**WORK REQUIRED**
Repeat the data word for word and skip the pictures.

**SOURCE DATA**
━━━

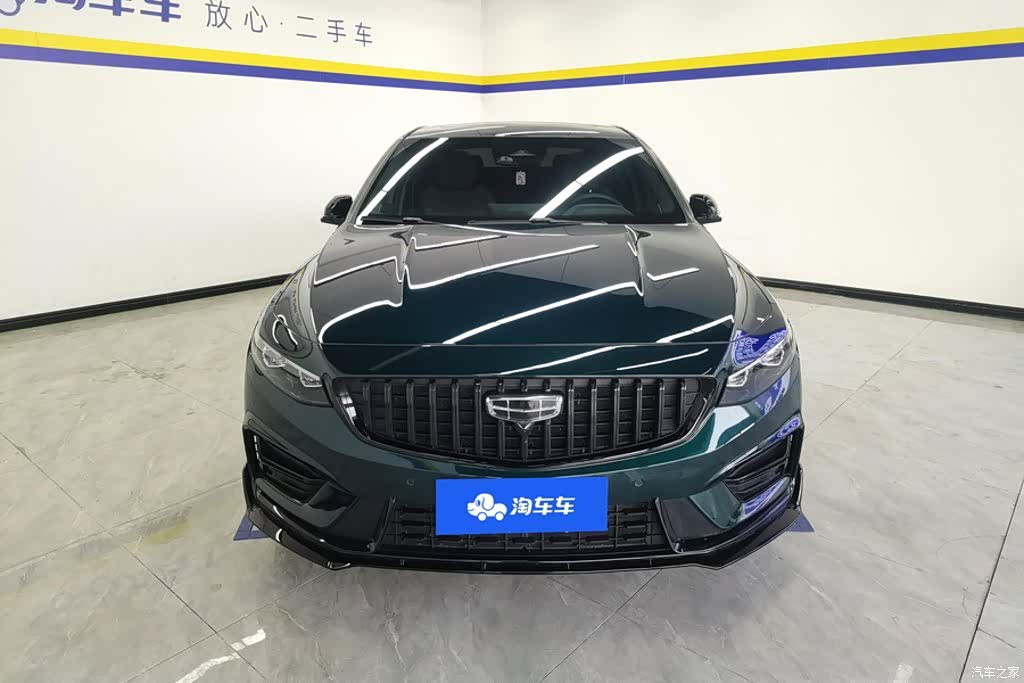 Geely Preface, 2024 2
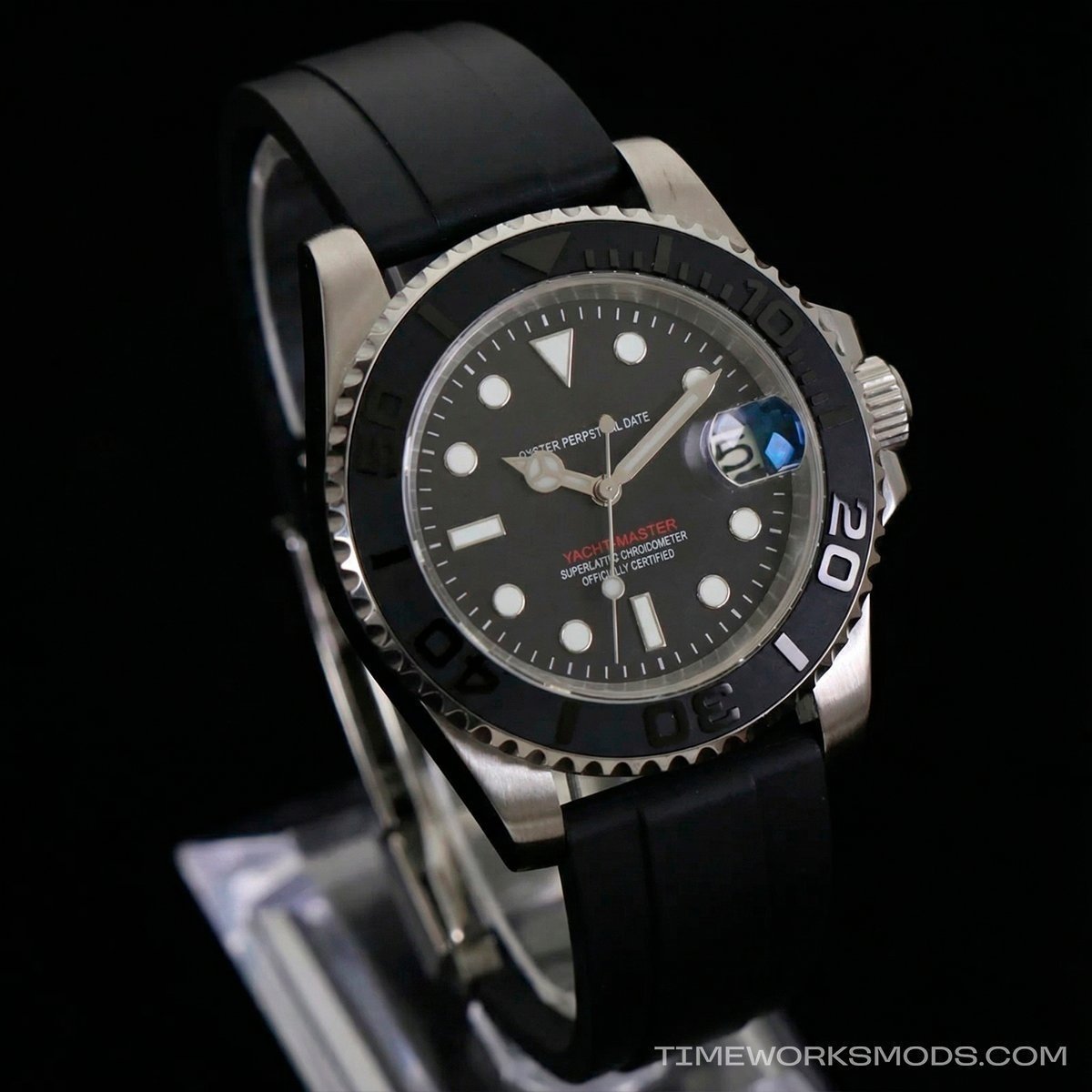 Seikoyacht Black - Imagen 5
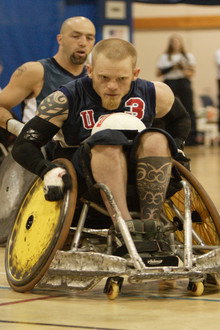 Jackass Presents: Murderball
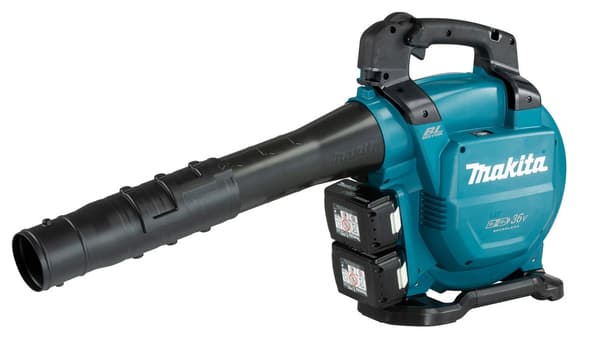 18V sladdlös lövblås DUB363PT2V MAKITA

━━━

**RESPONSE AREA**
 Geely Preface, 2024 2
 Seikoyacht Black - Imagen 5
 Jackass Presents: Murderball
 18V sladdlös lövblås DUB363PT2V MAKITA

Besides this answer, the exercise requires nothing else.